◆ **WHAT IS REQUIRED**: Print, exactly as they stand, the lines below from the one that has "Portrait de l'homme" to the one that has "a sailboat floating", inclusive, leaving out the pictures.

◆ **DATA TO PROCESS**:

□ □ □ □ □ □ □

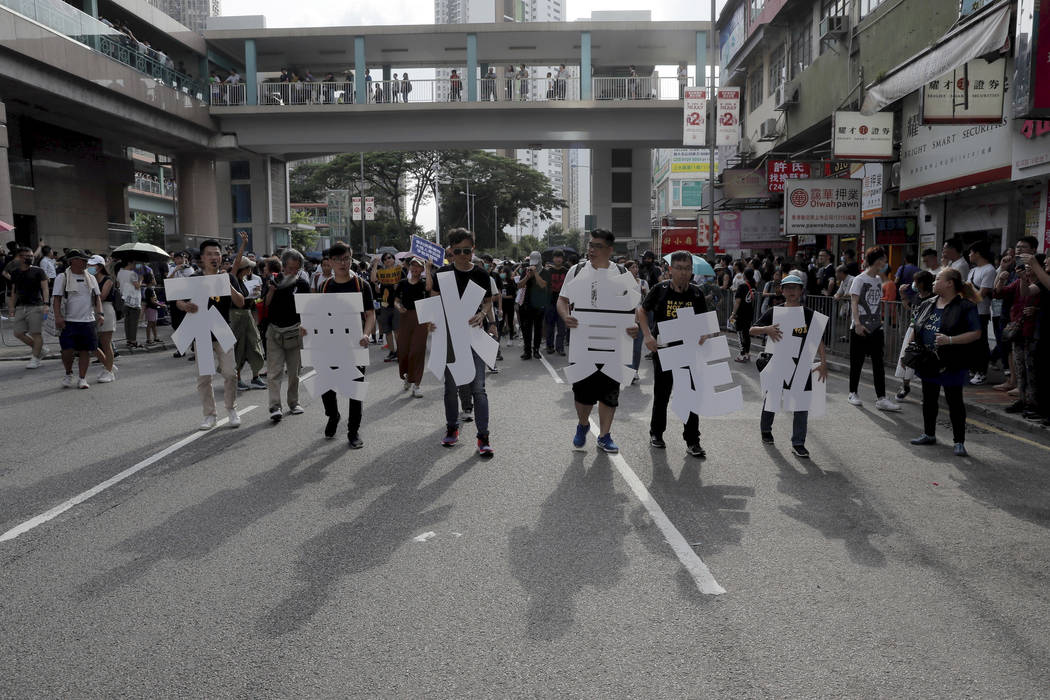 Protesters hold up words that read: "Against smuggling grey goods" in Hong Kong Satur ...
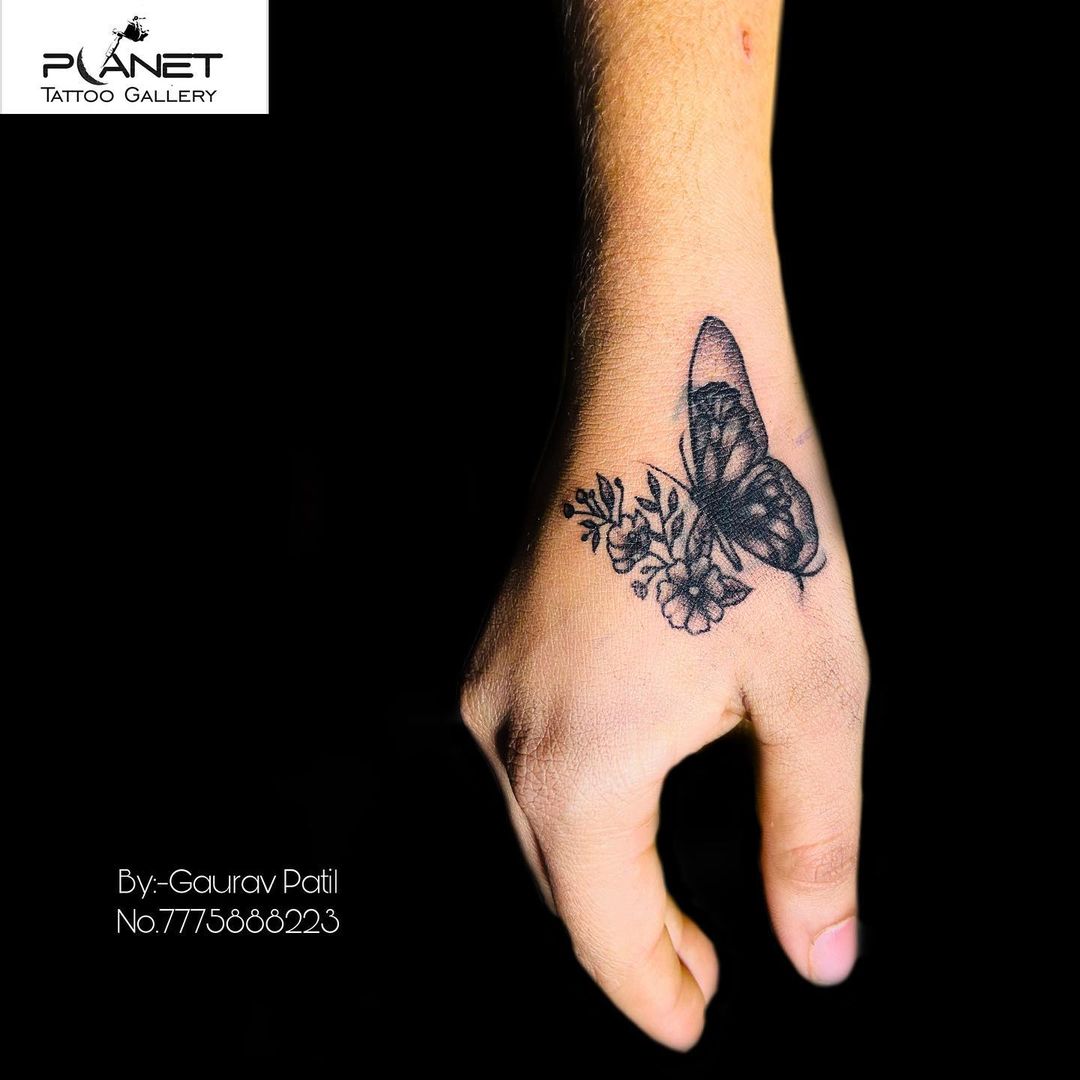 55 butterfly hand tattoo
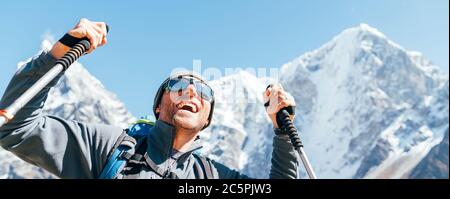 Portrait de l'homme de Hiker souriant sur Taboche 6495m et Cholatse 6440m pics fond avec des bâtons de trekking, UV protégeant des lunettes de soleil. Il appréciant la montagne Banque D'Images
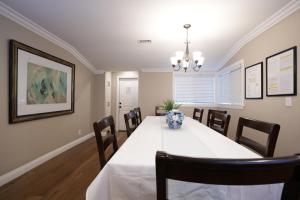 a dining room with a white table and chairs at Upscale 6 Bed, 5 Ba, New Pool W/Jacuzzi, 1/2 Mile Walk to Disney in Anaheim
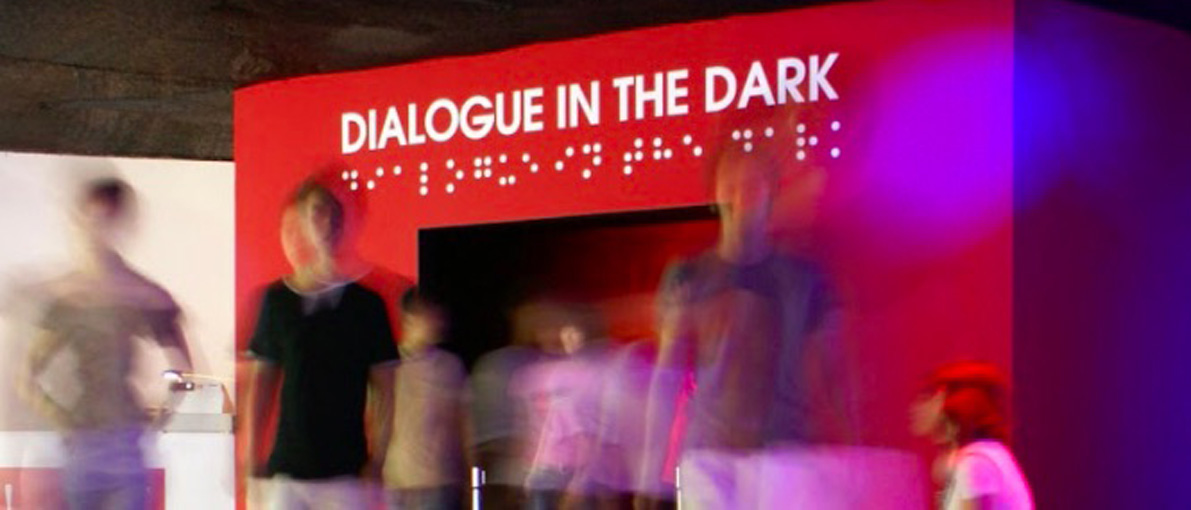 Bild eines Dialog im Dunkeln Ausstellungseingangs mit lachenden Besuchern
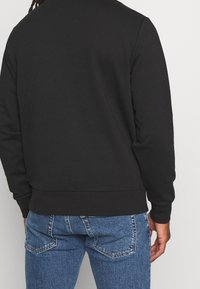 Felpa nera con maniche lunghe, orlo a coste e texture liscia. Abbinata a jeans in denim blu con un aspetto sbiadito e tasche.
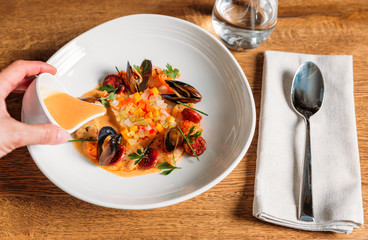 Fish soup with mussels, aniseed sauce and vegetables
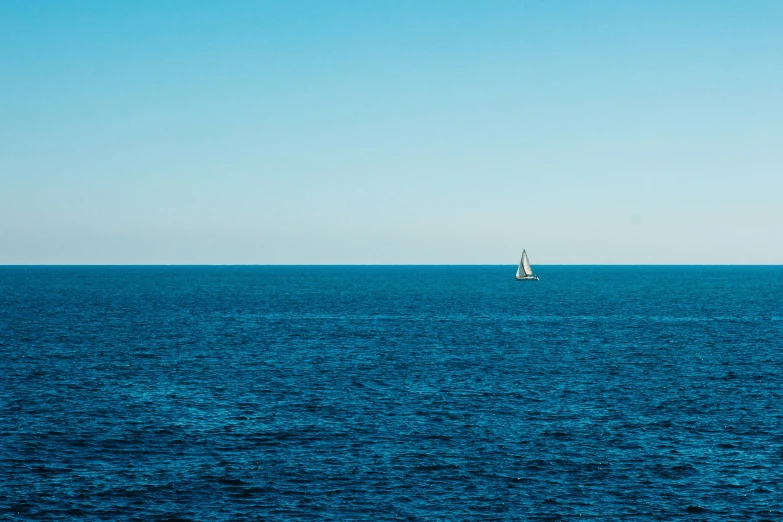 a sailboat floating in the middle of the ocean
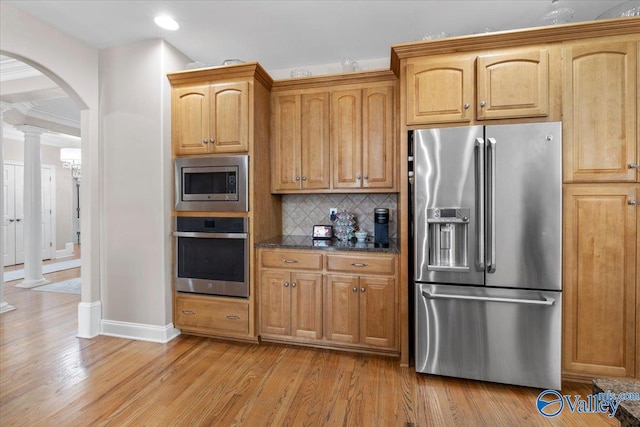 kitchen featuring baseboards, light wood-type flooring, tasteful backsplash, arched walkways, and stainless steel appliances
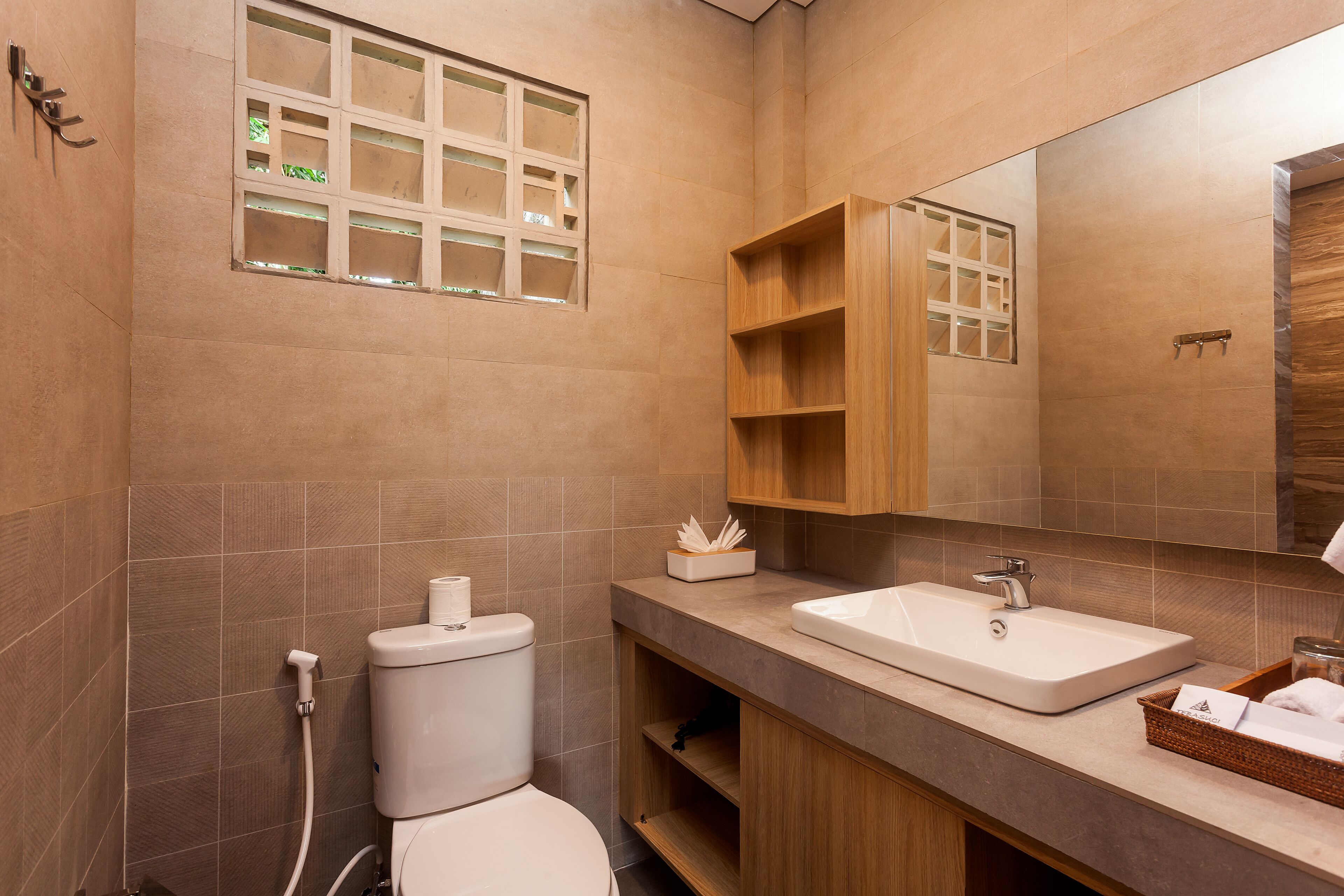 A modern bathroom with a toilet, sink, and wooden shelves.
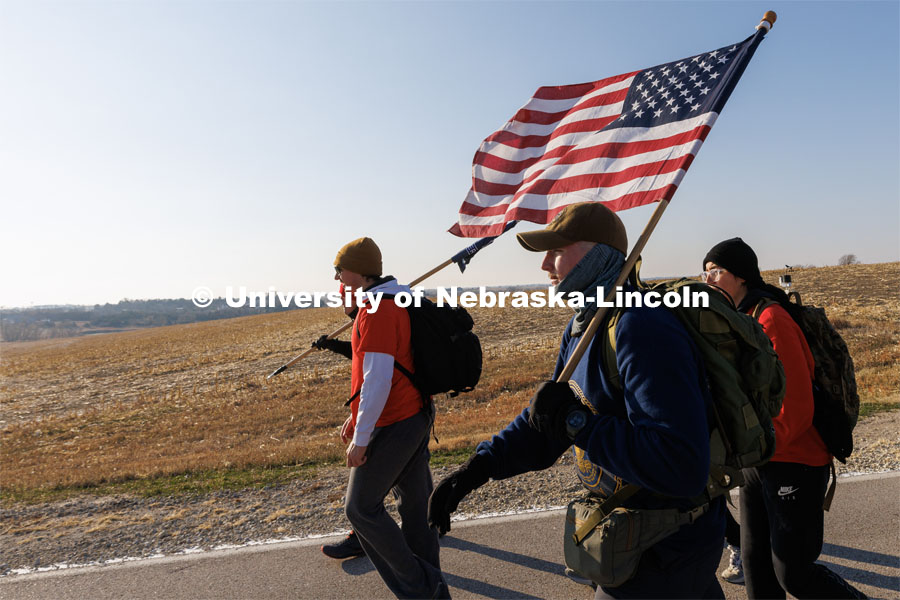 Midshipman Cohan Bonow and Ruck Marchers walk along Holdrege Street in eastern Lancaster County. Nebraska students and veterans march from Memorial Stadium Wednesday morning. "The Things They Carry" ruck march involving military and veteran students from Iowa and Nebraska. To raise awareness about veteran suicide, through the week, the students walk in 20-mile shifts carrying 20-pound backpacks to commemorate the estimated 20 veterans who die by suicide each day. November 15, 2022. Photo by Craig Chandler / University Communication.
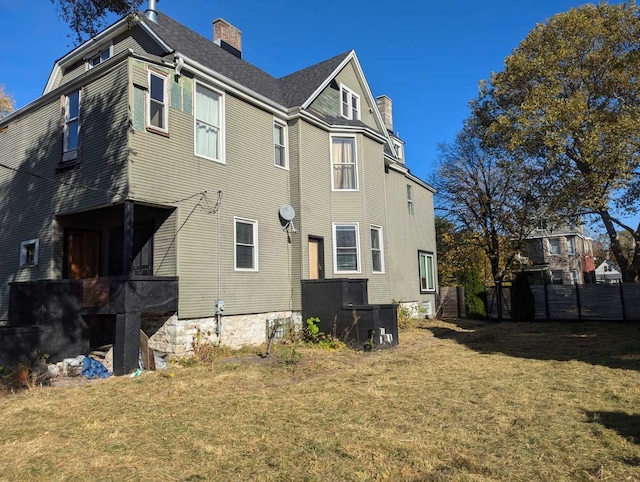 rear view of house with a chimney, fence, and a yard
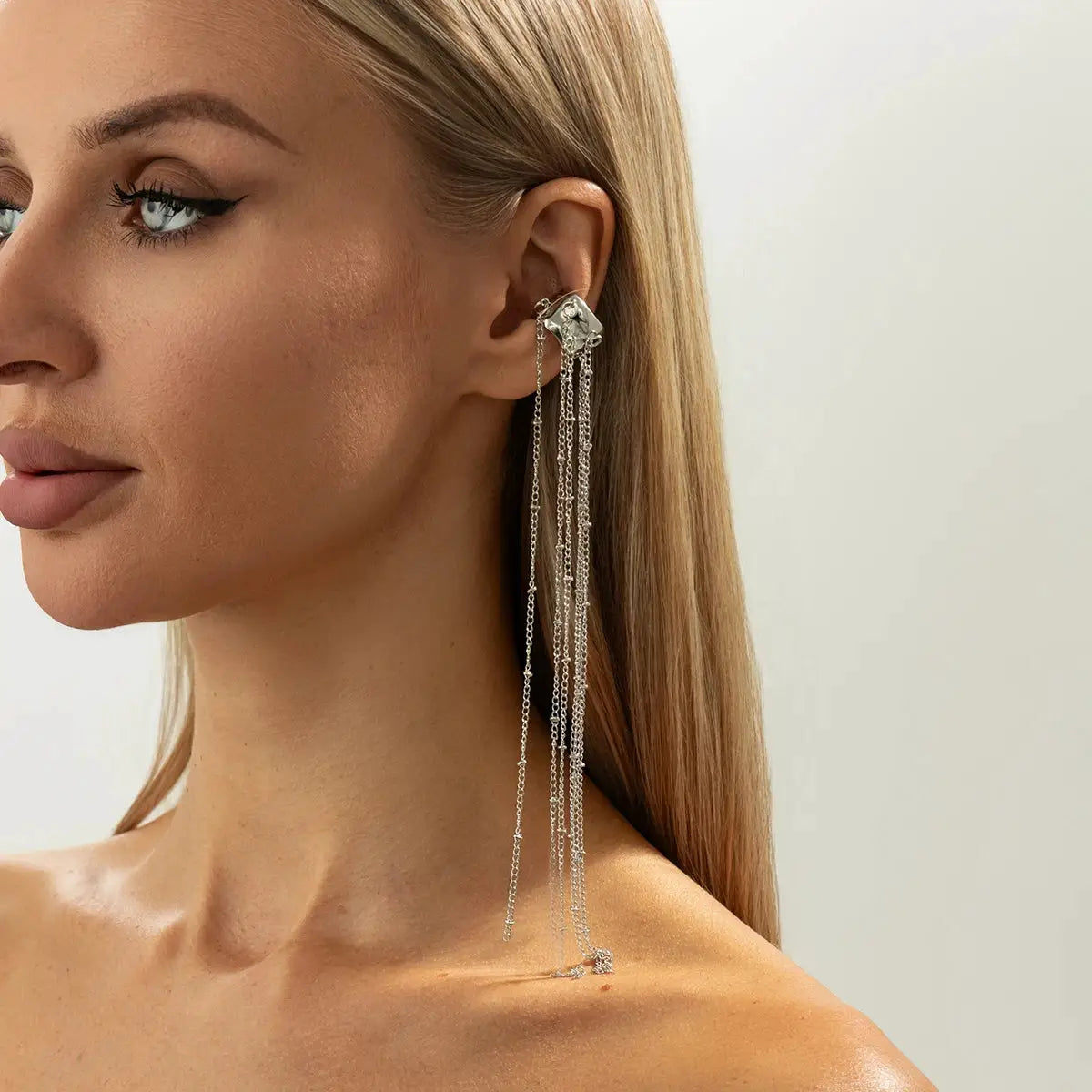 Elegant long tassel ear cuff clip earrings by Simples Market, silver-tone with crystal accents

□ □ □ □ □ □ □

◆ **RESULT FOR THIS TASK**:
 Portrait de l'homme de Hiker souriant sur Taboche 6495m et Cholatse 6440m pics fond avec des bâtons de trekking, UV protégeant des lunettes de soleil. Il appréciant la montagne Banque D'Images
 a dining room with a white table and chairs at Upscale 6 Bed, 5 Ba, New Pool W/Jacuzzi, 1/2 Mile Walk to Disney in Anaheim
 Bild eines Dialog im Dunkeln Ausstellungseingangs mit lachenden Besuchern
 Felpa nera con maniche lunghe, orlo a coste e texture liscia. Abbinata a jeans in denim blu con un aspetto sbiadito e tasche.
 Fish soup with mussels, aniseed sauce and vegetables
 a sailboat floating in the middle of the ocean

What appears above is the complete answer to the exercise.